La méthode de lecture à cette époque était simple : connaître les lettres (ou dessins liés au code), connaître les jumelages possibles entre elles, décoder ces jumelages pour en comprendre le sens, accumuler les mots pour créer des images complètes afin de comprendre le message complet.

L’invention du format codex (format livre tel qu’on le connaît aujourd’hui) et de l’imprimerie ont permis de rendre l’acte de lire beaucoup plus facile. Les mises en page colorées, aérées, illustrées permettaient au lecteur, même débutant, d’anticiper et de prédire le contenu du texte à lire. Les premiers travaux liés à la compréhension en lecture venaient également de prendre leur envol. Ce qui était une activité de décodage devenait une activité complexe de compréhension globale.

Du Moyen-âge à aujourd’hui, les chercheurs de plusieurs disciplines scientifiques et les pédagogues ont expérimenté diverses méthodes d’apprentissage de la lecture, les unes, centrées sur le décodage, aux antipodes des autres, plutôt centrées sur la compréhension globale du texte.

Les décideurs ne sont pas en reste également puisque depuis 1917, les programmes québécois ont prescrit des méthodes de lecture expérimentées par les pédagogues, la plupart d’eux issus des congrégations religieuses. Après plusieurs années à tergiverser entre les deux approches diamétralement opposées, les chercheurs en sont venus à promouvoir une approche dite équilibrée.

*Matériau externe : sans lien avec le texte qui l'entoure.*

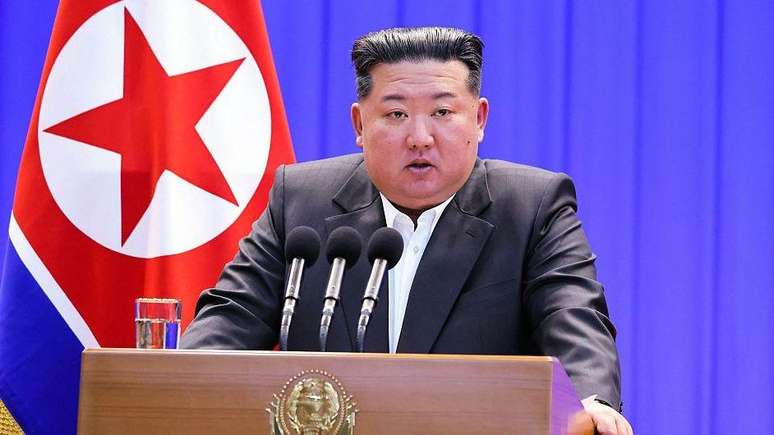 Em 2024, o l&iacute;der norte-coreano, Kim Jong-un, declarou ao Parlamento do seu pa&iacute;s que a Coreia do Norte abandonou a reunifica&ccedil;&atilde;o como objetivo nacional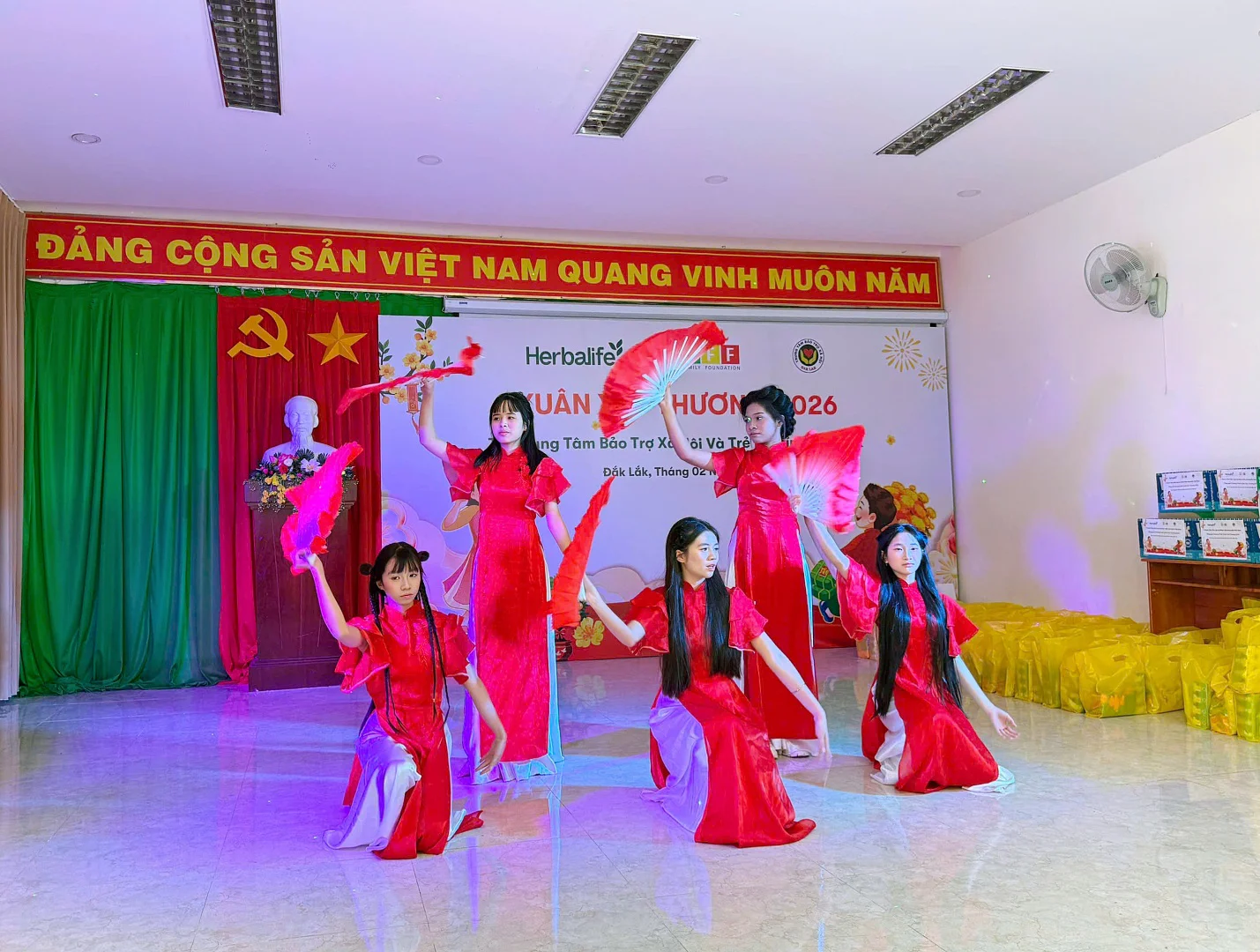 Herbalife Việt Nam tổ thức chương trình “Xuân Yêu Thương” 2026 cho trẻ em và người cao tuổi có hoàn cảnh khó khăn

La dernière publication importante du MÉLS sur le sujet (http://www.mels.gouv.qc.ca/stat/rec..., 2009) présente une approche où la lecture et l’écriture sont enseignées de concert dans une approche où le texte, le contexte et le lecteur sont tous trois pris en compte. On y parle également du rôle de l’élève, de l’enseignant et des parents : Concrètement, on retient les grandes lignes suivantes :

• Développer une conscience phonologique avant l’entrée en 1re année,

• Apprendre tôt les lettres de l’alphabet,

• Acquérir de bonnes habiletés d’identification des mots (décodage, mémorisation, analyse, synthèse),

• Développer la fluidité en lecture,

• Utiliser une démarche d’enseignement explicite (expliquer, démontrer, étayer),

• Sensibiliser les parents à l’importance de valoriser la lecture à la maison.

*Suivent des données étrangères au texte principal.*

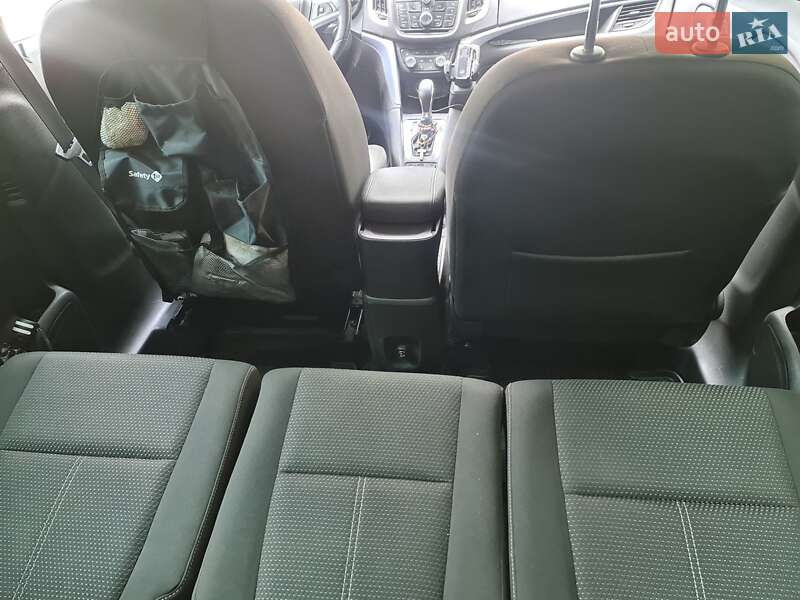 Мікровен Opel Zafira 2012 в Надвірній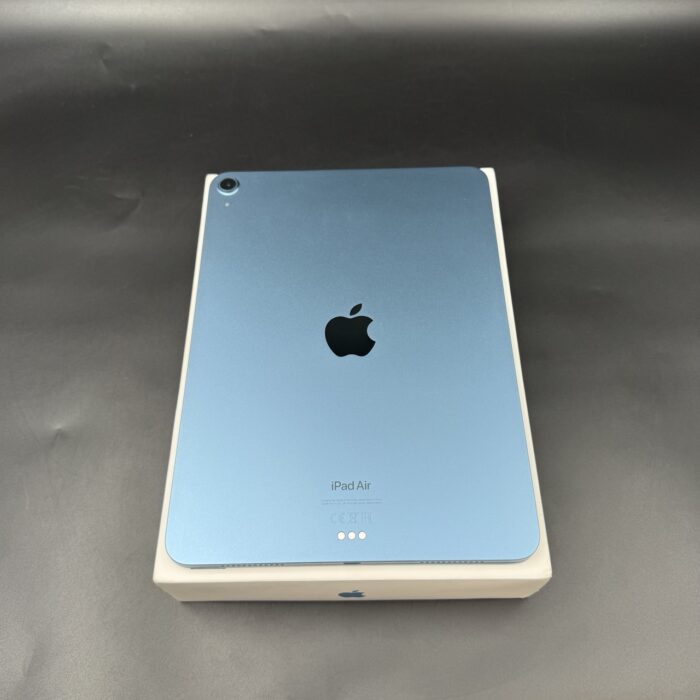 iPad Air 5 M1 64GB Blue - Image 7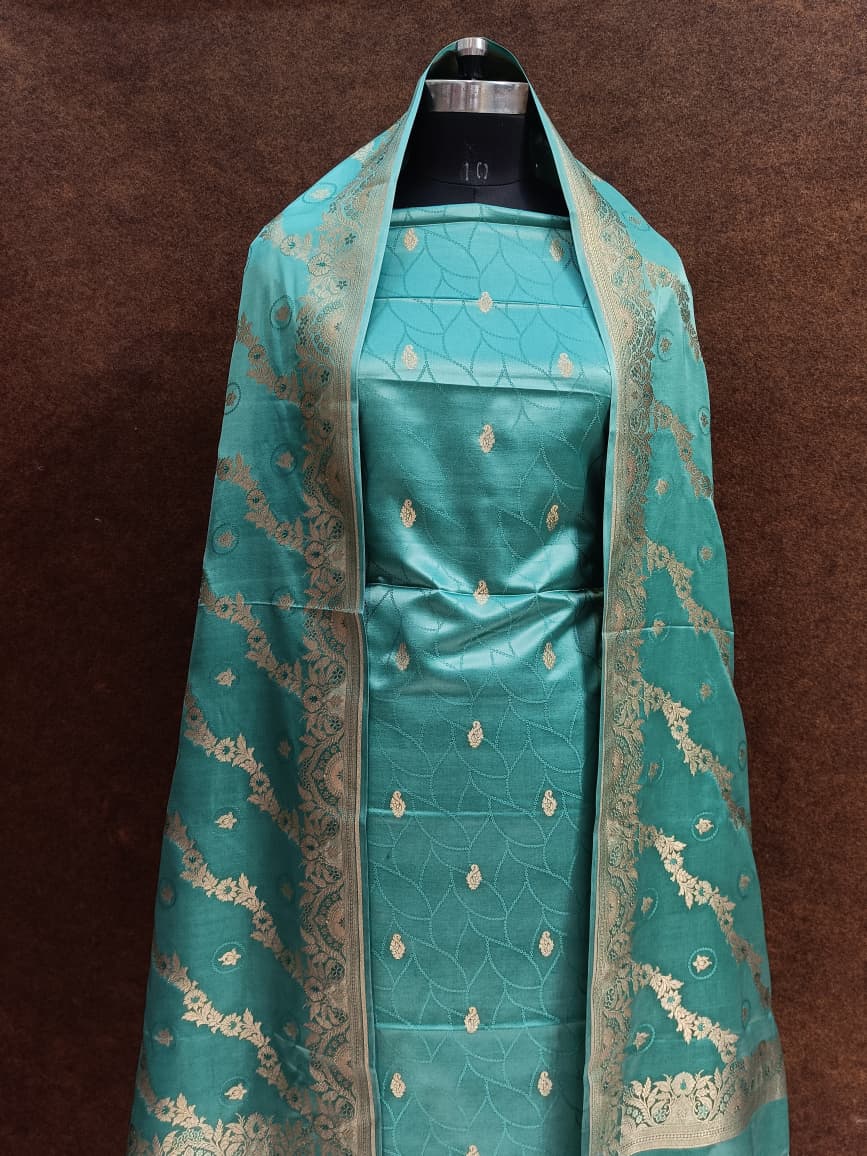 shalwar kameez with dupatta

Les Grecs de l’Antiquité ne se doutaient pas à quel point leur séquence d’enseignement de la lecture aurait un écho dans le monde moderne : ils ont eu l’idée géniale d’imposer le travail de l’entrée dans le monde de la lecture avant son enseignement formel. Ce qu’a récupéré, deux mille ans plus tard, le monde de l’éducation.

Une référence québécoise et non moins internationale à (re)découvrir : GIASSON, J. (2011) La lecture : Apprentissage et difficultés, Gaëtan Morin éditeur, 398 pages.